Shares of Aegean Marine Petroleum Network (NYSE:ANW) got slammed on Wednesday, plunging 32% by 11 a.m. EDT after the company reported atrocious first-quarter results, which immediately prompted an analyst downgrade.
Aegean Marine recorded just $1.4 million, or $0.03 per share, in net income during the first quarter, which was down 88.1% year over year due to higher operating expenses and finance costs. The results missed the consensus estimate by a country mile given that analysts expected the company to earn $0.36 per share. The miss came despite the fact that revenue more than doubled, to $1.5 billion, and was $360 million higher than analysts anticipated.
In commenting on the quarter, CEO Nikolas Tavlarios said that "our results in the quarter were impacted by increased competition across operations and continued challenging market dynamics." Because of that, the company is actively managing its business to control costs and shifting its strategy to a more asset-light model, which it expects will drive improved future performance.
Analysts at Stifel blasted the company and the quarter, saying it was "one of the worst quarters in the company's history," especially after Aegean Marine gave such an optimistic view when it provided its outlook in March. That disconnect prompted Stifel to downgrade shares from buy to hold and slash its price target in half, to $9 per share.
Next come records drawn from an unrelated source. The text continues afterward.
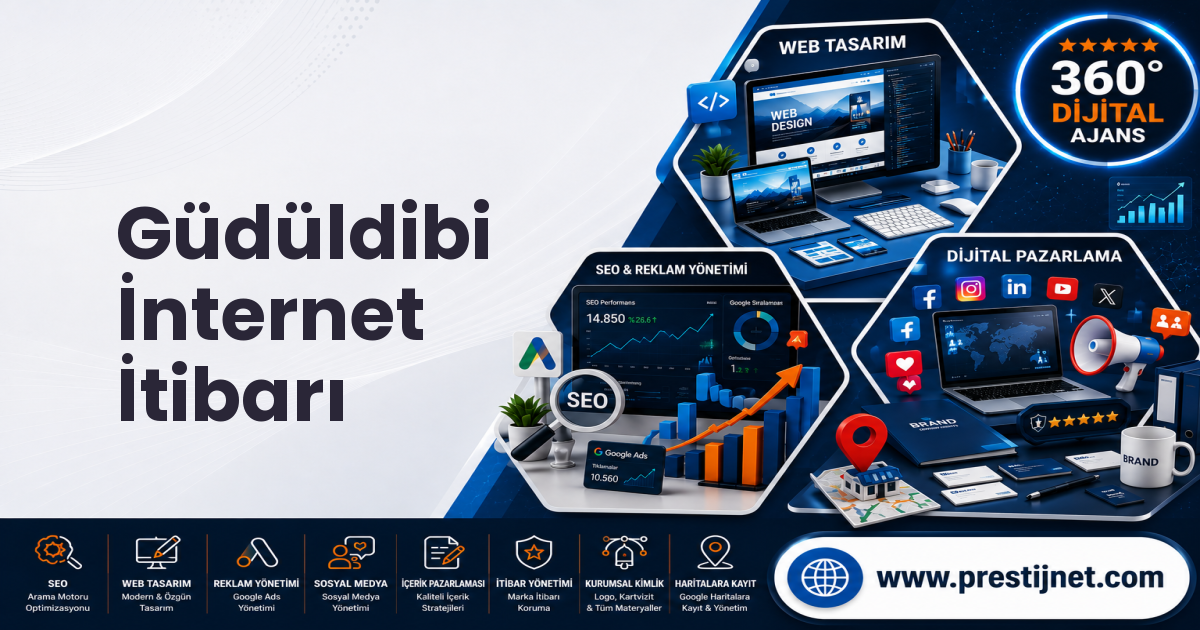 Güdüldibi İnternet İtibarı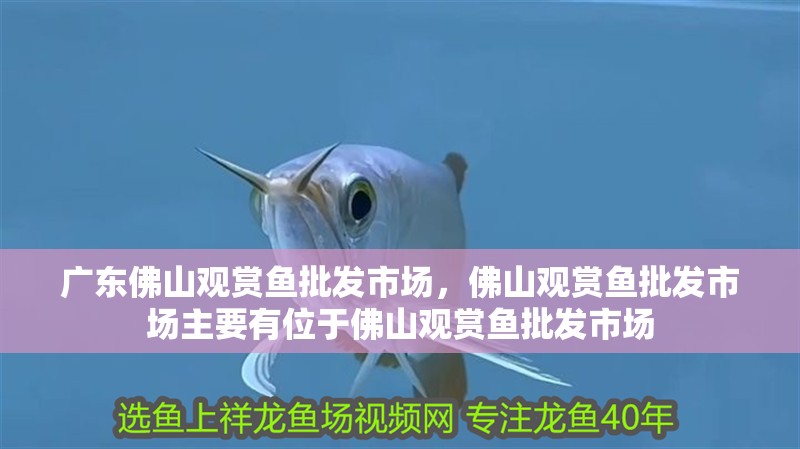 廣東<strong><mark>佛山</mark></strong>觀賞魚批發市場，<strong><mark>佛山</mark></strong>觀賞魚批發市場主要有位于<strong><mark>佛山</mark></strong>觀賞魚批發市場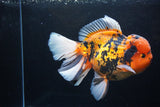 Giant Thai Oranda  Calico 7.5 Inch (ID#0110T13a-109)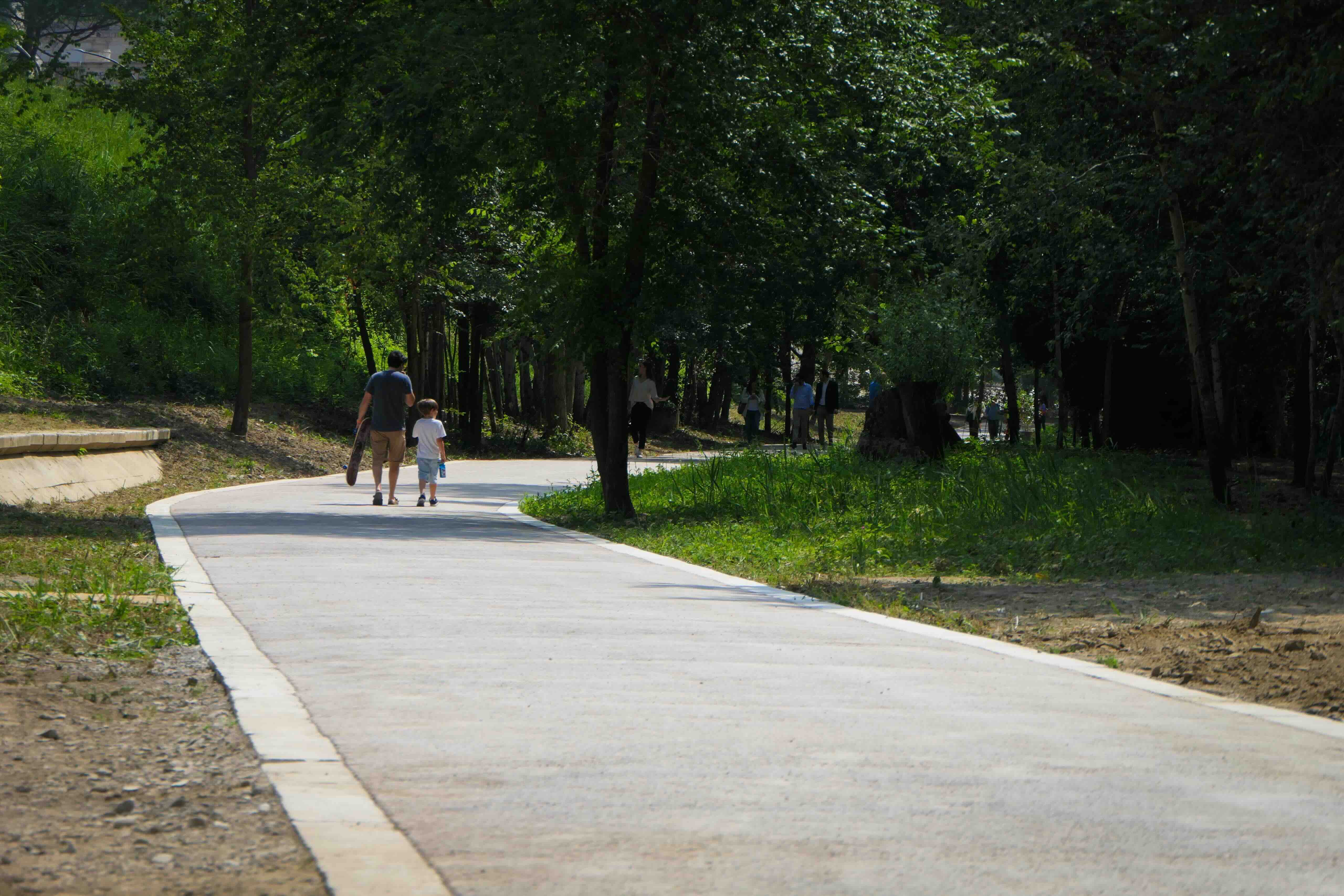 Parco di affaccio oasi naturalistica tra Ponte Milvio e Ponte Flaminio - fine lavori (giugno 2025)
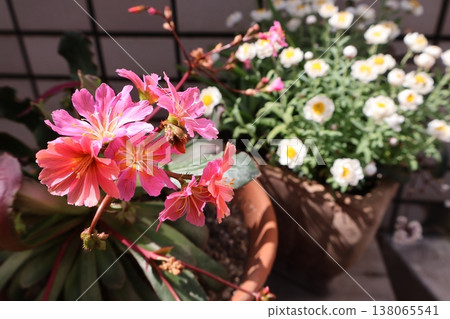 路易西亞和花盆裡的雛菊 138065541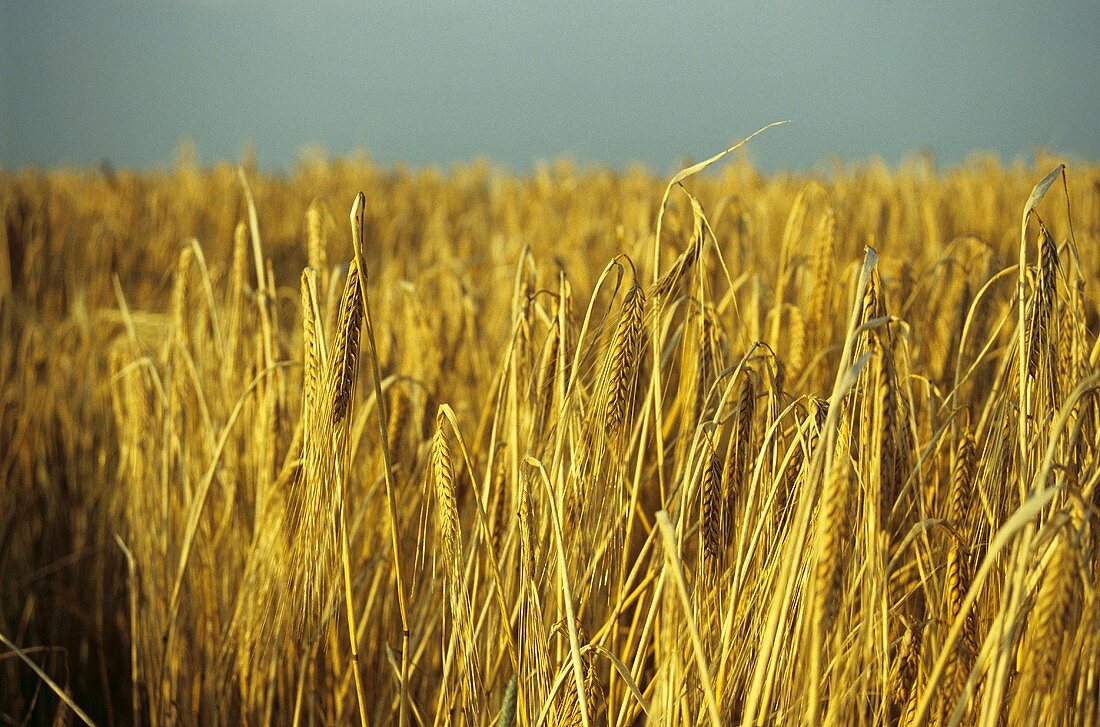 Field of barley with ears of barley in foreground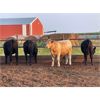 Image 6 : Hines Ranching Co. Ltd. - 850# October Yearling Steers - 112 Head (Marwayne, AB)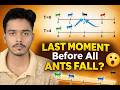 Last Moment Before All Ants Fall | Genius Trick You Didn’t Expect 🐜💡 | GFG POTD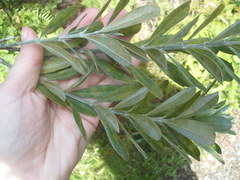 Callistachys lanceolata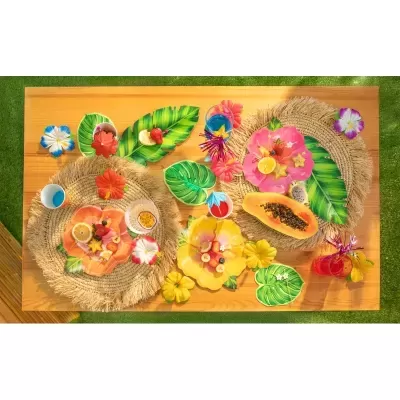 Pratos Flor Havaiana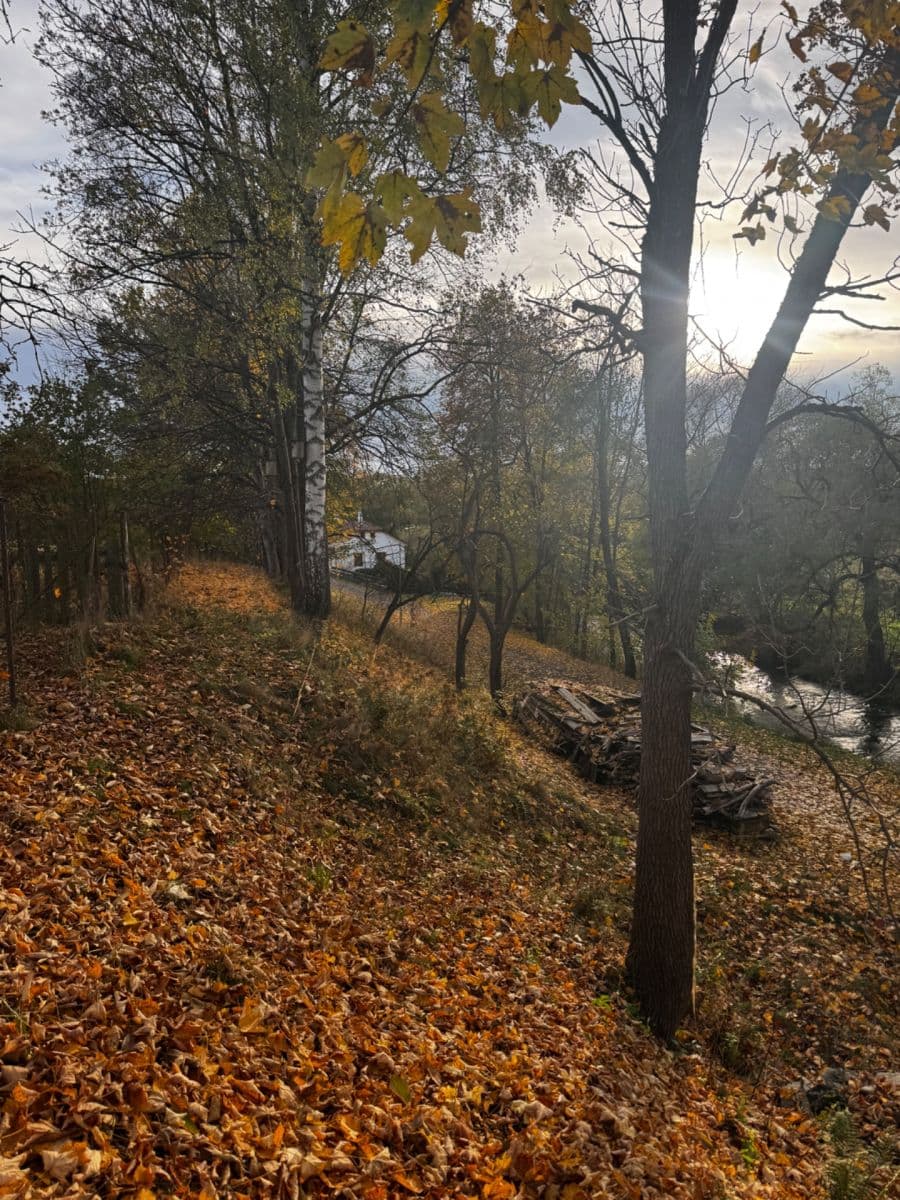 Predaj pozemku 366 m², Dolní Žďár, Jihočeský kraj Predaj pozemku 366 m², Dolní Žďár, Jihočeský kraj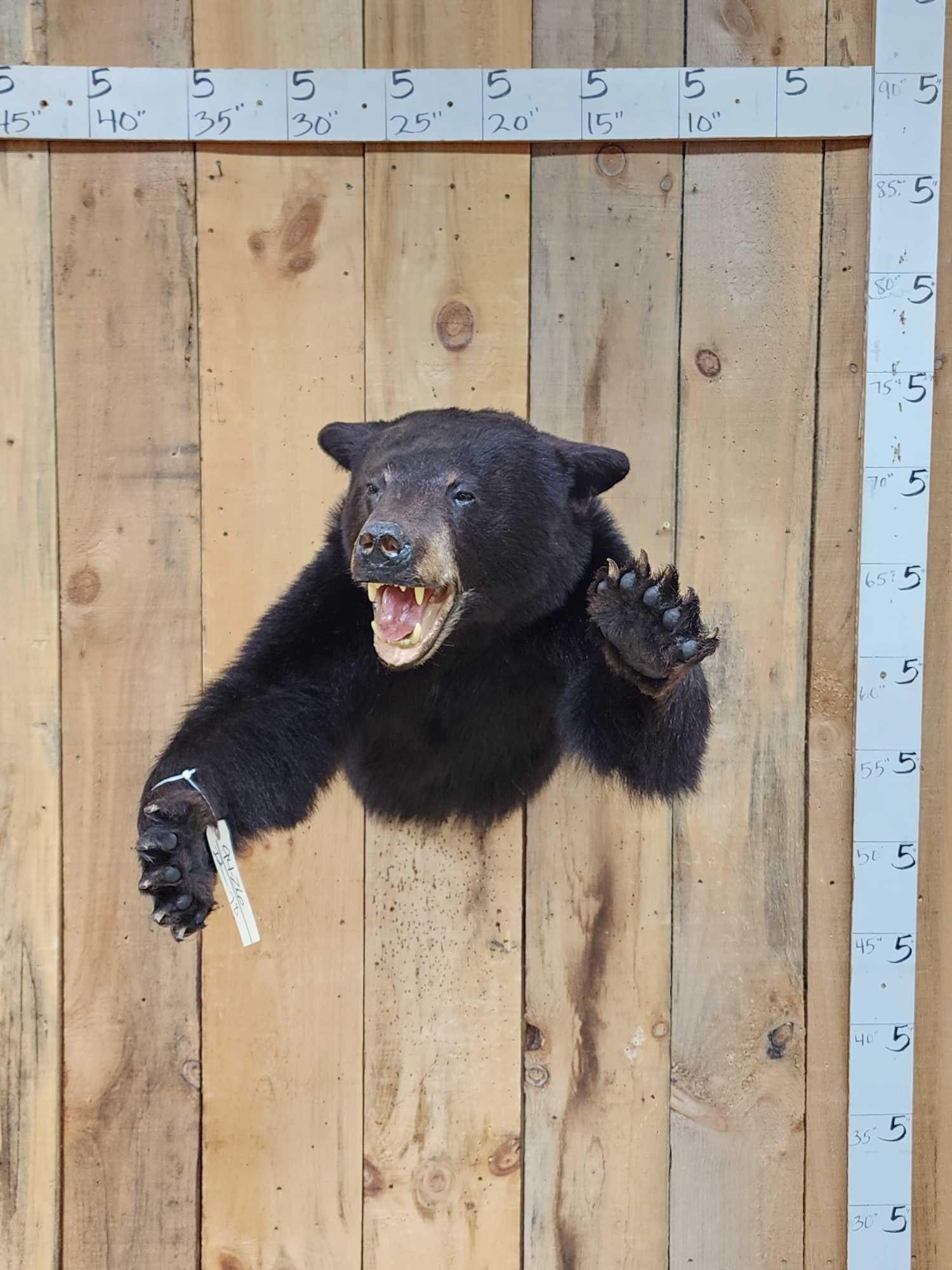 Black Bear Half Body Taxidermy Mount (1 of 6)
The analysts were particularly displeased with the fact that the company's costs were higher in nearly every category even though its focus had been on reducing expenses.
Aegean Marine doesn't seem to have a good handle on market conditions or its business right now. Because of that, Stifel thinks investors should stay on the sidelines until the company's management team rights the ship or the valuation becomes too compelling to ignore. That seems like sound advice for investors who might be tempted to go bottom-fishing here.